If you work in New York’s construction industry, your employer classification matters more than you might think. Being misclassified as an independent contractor when you should be an employee can cost you critical workplace protections, benefits, and wages you’re legally entitled to receive.
New York State’s Construction Industry Fair Play Act was created specifically to combat this widespread problem. When employers misclassify workers—either by treating employees as independent contractors or paying them “off the books”—they avoid paying unemployment insurance, workers’ compensation, and other required benefits while leaving workers vulnerable and unprotected.
What Is the Fair Play Act?
The Construction Industry Fair Play Act, which took effect on October 26, 2010, establishes clear standards for determining whether a construction worker is an employee or an independent contractor. The law creates a strong presumption in favor of employee status and imposes significant penalties on employers who fail to properly classify their workers.
Employee Status is Presumed
Under the Fair Play Act, the law presumes that individuals working for a construction contractor are employees. An employer can overcome this presumption if the worker at issue is either: (a) operates a business entity that meets the 12-part test; or (b) an individual who meets the three-part test.
The 12-Part Test
A business entity, including any sole proprietor, partnership, corporation or entity that may be a contractor under this section shall be considered a separate business entity from the contractor where all the criteria are met.

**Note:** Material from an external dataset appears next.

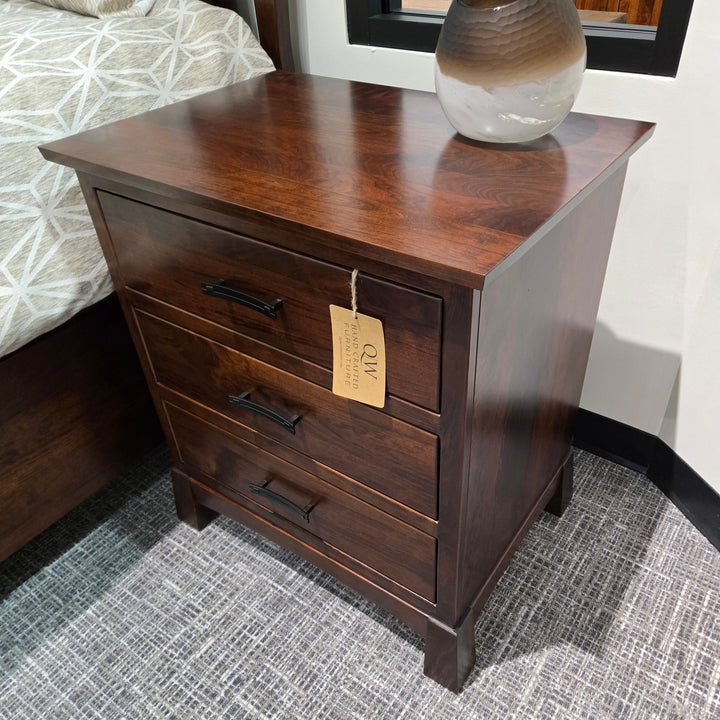 Clearance Catalina Queen Storage Bed 5pc Bedroom set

That is, the construction business seeking to classify an individual who is working for them through a business entity must show that the business entity:
- controls how it performs its work; the contractor may only specify the desired result;
- continues to exist if the relationship with the contractor ends;
- has made a substantial capital investment beyond ordinary tools, equipment, and a personal vehicle;
- owns its capital goods and bears its own profits and losses;
- offers its services to the general public or business community on a continuing basis;
- reports its services as an independent business on a Federal Income Tax Schedule;
- performs services under its own name;
- obtains and pays for a required licenses or permit in its own name;
- provides its own tools and equipment;
- hires and pays its own employees without contractor approval or reimbursement, and reports their income to the IRS;
- is not represented to the customers as an employee of the contractor; and
- is free to perform similar services for others at any time and on any terms it chooses.
The Three-Part Test
Individuals working for construction businesses are employees unless the contsturction business can prove all three of the following criteria are met:
- Freedom from control: The worker must be free from control and direction in performing the job, both under contract and in fact.
- Outside usual business: The worker must be performing services outside of the usual course of business for the company.

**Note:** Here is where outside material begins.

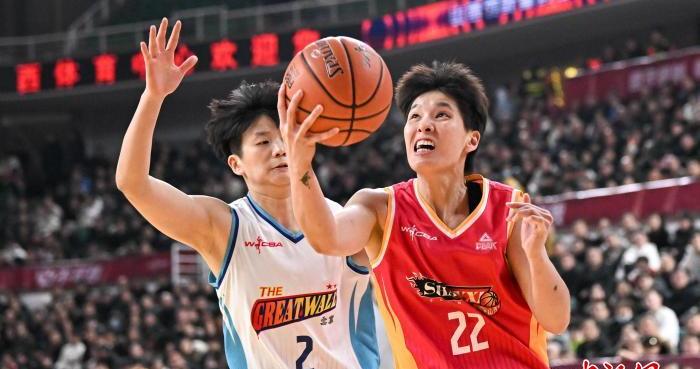 WCBA常规赛：山西竹叶青酒队胜北京首钢园队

- Independent trade or business: The worker must be engaged in an independently established trade, occupation, or business that is similar to the service being performed.

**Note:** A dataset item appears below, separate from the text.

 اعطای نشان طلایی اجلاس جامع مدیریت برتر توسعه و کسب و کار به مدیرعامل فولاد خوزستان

All three criteria must be satisfied for a worker to be properly classified as an independent contractor. If even one element is missing, the worker should be classified as an employee.
Who Does This Law Cover?
The Fair Play Act applies to all contractors in the construction industry, which is broadly defined to include constructing, reconstructing, altering, maintaining, moving, rehabilitating, repairing, renovating, or demolishing any building, structure, or improvement, as well as excavation and other land development work.
The classification standards apply to determinations under the Labor Law (including labor standards, prevailing wage law, and unemployment insurance) and the Workers’ Compensation Law.
Know Your Rights
If you’re a construction worker in New York and suspect you’ve been misclassified, you have options. Misclassification can affect your access to unemployment benefits, workers’ compensation coverage, overtime pay, minimum wage protections, and other critical employment rights.
Warning signs that you may be misclassified include:
- Your employer controls when, where, and how you work but calls you an independent contractor
- You work exclusively or primarily for one company
- You don’t have your own established business with other clients
- You receive a 1099 form instead of a W-2 despite working like an employee
If you are a construction work who was misclassified as an independent contractor, you may be entitled to minimum wages, overtime pay, unreimbursed expenses, and other wage-and-hour rights granted by the New York Labor Law.